AM (or 3D printing) techniques often employ one or more processes that are adapted from, and appear in many respects to be similar to, well-known processes for forming two-dimensional (2D) printed images on image receiving media substrates. The significant differences in the output structures produced by the 3D printing techniques are generally based on (1) a composition of the deposited materials that are used to form the output 3D objects from the AM device/system or 3D printer; and (2) a number of passes made by the printing systems in depositing comparatively large numbers of successive layers of the deposition material to build up the body of material to the form of the output 3D objects.
An expanding number of AM or 3D printing processes and techniques are now available. Principal distinguishing characteristic between the multiplicity of these AM or 3D printing processes are in the manner in which the layers are deposited to create the output 3D objects, and in the materials that are used to form the output 3D objects.

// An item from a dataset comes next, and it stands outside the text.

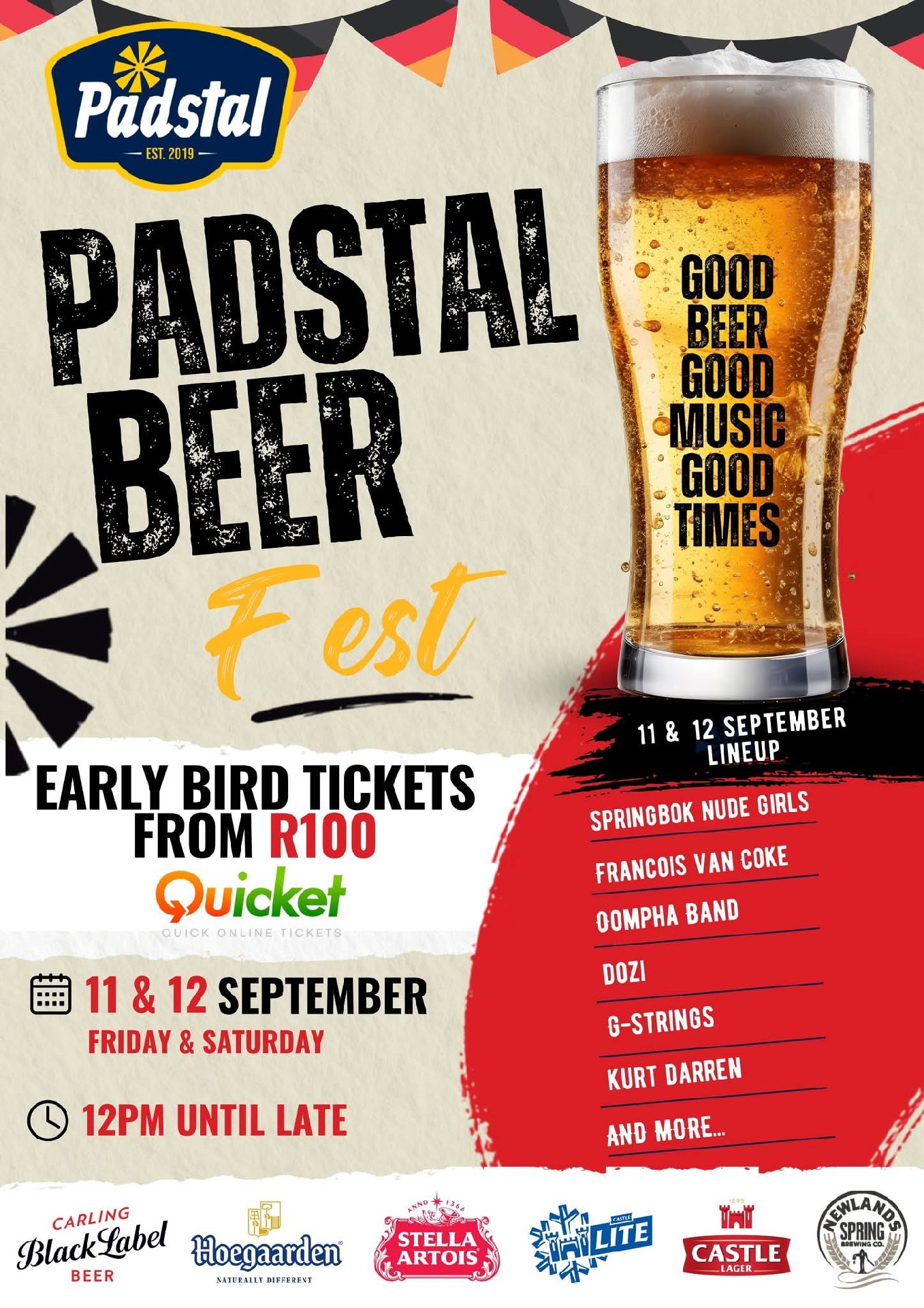 Padstal Beer Fest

Certain of the AM techniques (as this term will be used throughout the balance of this disclosure to refer to various 3D object layering and build techniques including 3D printing) melt or soften materials to produce the build layers using techniques such as, for example, selective laser melting or sintering of an input material. Others of the AM manufacturing techniques deposit and cure liquid materials using technologies for the deposition of those liquid materials such as jetted (ink) material “printing” techniques.
Examples of existing AM techniques include those generally referred to as Fused Deposition Modelling (FDM) and Multi-Jet Modelling (MJM). These techniques are being increasingly adopted for prototyping and short run manufacturing of 3D objects. AM techniques like FDM are, for example, capable of building 3D objects from many different common thermoplastic resins that are extrudable. AM techniques like MJM are, for example, capable of building 3D objects by depositing additive materials, including the same thermoplastic resins and other solids components, suspended in pigmented and unpigmented ink-like solutions. The 3D object is built up layer-by-layer by deposition of extruded resin droplets in FDM, or otherwise according to the deposition of jetted material droplets in MJM. As industrial and other applications emerge that attempt to capitalize on the flexibility incumbent in the applications of these and other AM technologies, adaptation of a broader range of techniques is being pursued to potentially exploit advantages in these adaptations from other 2D printing methods.